What choice did I have but to bury this “colored” part of myself as deeply as possible? Where did I have to run? The adults available to me had blinded themselves to my color. Racism didn’t apply to me. To them, I was not “the other.” Some part of myself didn’t trust that they would truly understand or be “on my side.” By choosing not to “see color,” my family had accomplished the exact opposite of what they’d hoped. They’d added another layer that separated me from them.
When I hear people hold up their “colorblindness” with defiance and pride, it’s difficult not to want to shout at them. This was a privilege that I was not allowed to have. I could ignore my reflection in the mirror, but not the kids who pointed at me and screamed “chink!” or told me to “go back to where I’d come from.” Even wrapping myself in “worldly love” wasn’t enough to keep racism from leaking in beneath the blindfold. I had no choice but to see, because the world out there wouldn’t let me forget.
I’ve come to view “colorblindness” in part, as another means of identity erasure. By choosing to ignore my “color,” my parents chose not to see “me.” Why was the yellow-brown me and all that came with it so horrible that no one wanted to acknowledge her existence? Why was she not worthy of acceptance? In essence, I became ashamed and tried to bury her. In a way, I began to feel not white, simply transparent.
Some of my TRA sisters and brothers have referred what I call “transparency” as “shapeshifting” or “adapting.” They become what their environment requires of them. As TRAs, I feel that many of us become highly intuitive experts at this. We can do it so well that we, ourselves don’t realize we are morphing until we reflect back on our memories. Sometimes we can become like Ged in Ursula Le Guin’s A Wizard of Earthsea and can be in danger of becoming trapped by the form we have taken. In a way, we lose ourselves.

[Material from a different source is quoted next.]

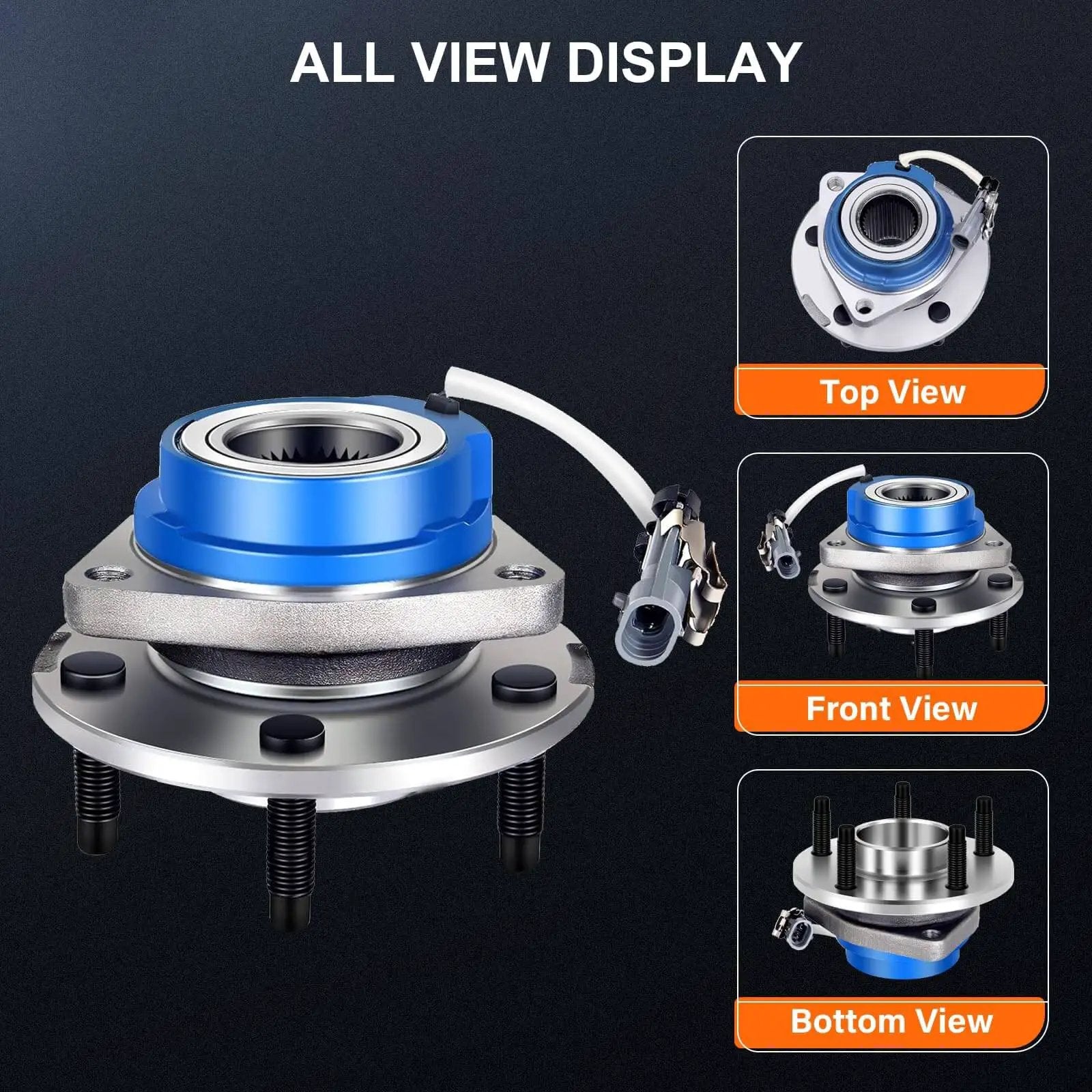 Single front wheel hub bearing assembly 5-lug OE 513121 fit Buick Allure Century Lacrosse Lucerne Regal Riviera all view display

As most of my readers know, I married a first generation Lebanese immigrant. I married young before I’d really gotten a sense of myself. Aside from being young and impressionable, I was still “transparent” and had little understanding of my own mind. Within the the span of a decade after my marriage, I had completely “shape-shifted” in not only form, but in mind as well. Still, there was the transparency. Identity-wise, I was not only mock-Lebanese Sume, I also became universally Muslim Sume. Both were facades I’d created for myself in order to “adapt” to my environment. “I” remained buried somewhere beneath.